Indonesia siapkan evakuasi WNI jika kondisi Myanmar memburuk

Duta besar Indonesia Iza Fadri memastikan kondisi WNI di Myanmar dalam keadaan baik

Indonesia siapkan evakuasi WNI jika kondisi Myanmar memburuk

Pemerintah Indonesia menyiapkan rencana evakuasi terhadap Warga Negara Indonesia (WNI) di Myanmar jika kondisi negara itu memburuk.

Duta Besar Indonesia untuk Myanmar Iza Fadri mengatakan rencana evakuasi tersebut merupakan salah satu prosedur Kementerian Luar Negeri Indonesia.

Meski demikian, hingga saat ini kata dia, kondisi WNI masih aman.

"Ya itu [evakuasi] sesuai prosedur kementerian luar negeri," jelas Iza Fadri kepada Anadolu Agency melalui pesan singkat.

Juru Bicara Kementerian Luar Negeri Indonesia Teuku Faizasyah menyatakan keputusan untuk melakukan evakuasi berada di Kedutaan Besar RI di Myanmar.

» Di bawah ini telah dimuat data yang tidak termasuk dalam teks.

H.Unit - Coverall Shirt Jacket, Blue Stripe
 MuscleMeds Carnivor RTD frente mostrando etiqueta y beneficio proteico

"Kondisi WNI pada umumnya baik, KBRI yang mempunyai kapasitas untuk memberikan assesment dan merekomendasikan penerapan langkah-langkah kontijensi," kata Faizasyah kepada Anadolu Agency.

Berdasarkan data dari Kementerian Luar Negeri, jumlah WNI yang menetap di Myanmar sekitar 500 orang.

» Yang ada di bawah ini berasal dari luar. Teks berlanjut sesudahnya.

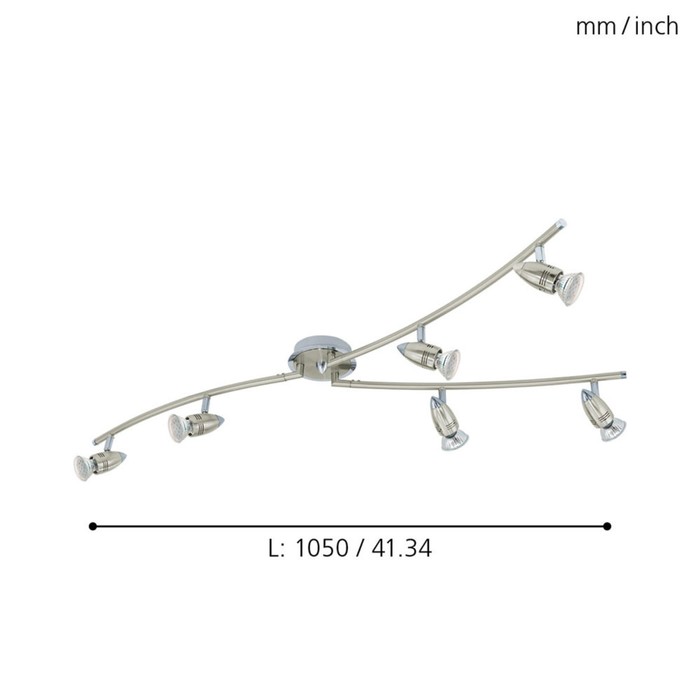 

Светильник MAGNUM-LED 6x2,5Вт LED никель 105x105 см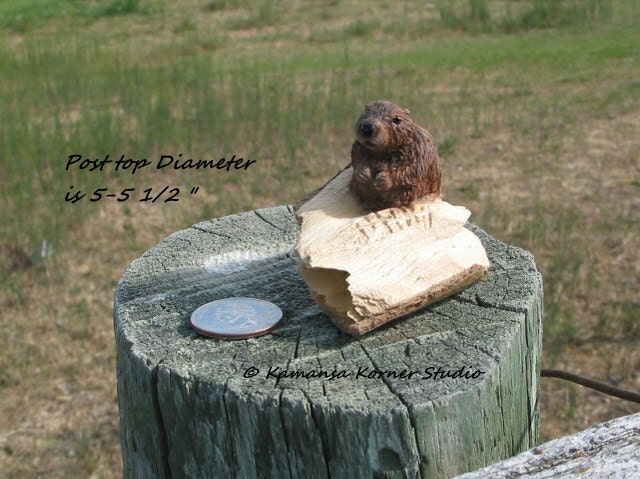 Miniature Beaver Mixed Media Wood Sculpture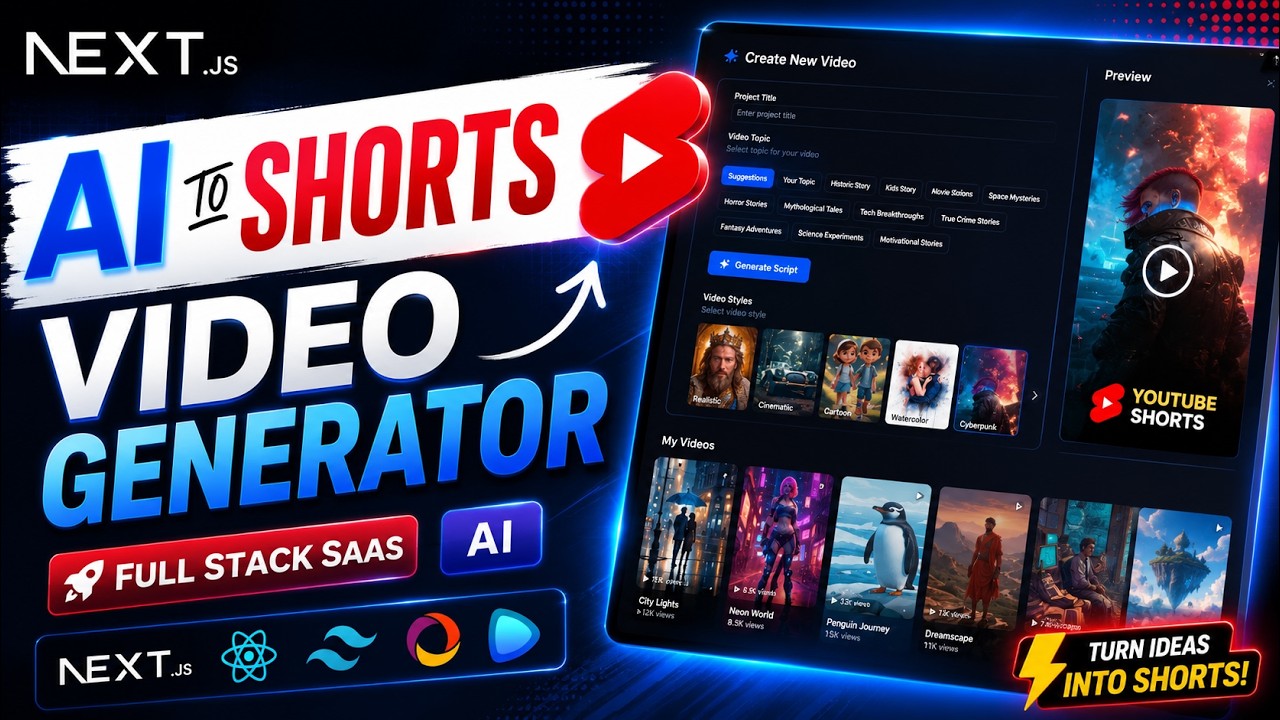 🚀 Build AI Short Video Generator Using NextJs, React, Tailwind, Convex ...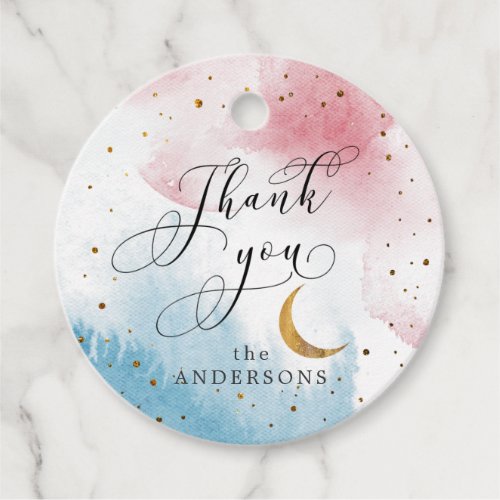 Moon and Star Gender Reveal Favor Tags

Mayoritas tinggal di wilayah Yangon dan bekerja di sektor migas, industri garmen dan anak buah kapal.

KBRI di Yangon memberikan imbauan kepada WNI untuk tetap tenang dan waspada serta mencermati perkembangan situasi keamanan serta meminimalisir kegiatan tidak penting di luar rumah.

Kedutaan juga meminta WNI menghindari kegiatan atau komentar yang berpotensi mengganggu keamanan publik.

Sebelumnya, protes terhadap pemerintahan militer di Myanmar berlanjut selama tiga hari berturut-turut pada Senin, ketika para demonstran menyerukan pemogokan nasional.

Kantor-kantor pemerintah di ibu kota Nay Pyi Taw terlihat sepi karena sebagian besar pegawainya bergabung dalam aksi pemogokan massal.

Aung Htet, seorang jurnalis di ibu kota, mengatakan dia hanya melihat beberapa bus dan penumpang di jalan pada pagi hari, pemandangan yang tidak biasa.

Foto gedung Kementerian Pendidikan yang kosong juga viral di media sosial.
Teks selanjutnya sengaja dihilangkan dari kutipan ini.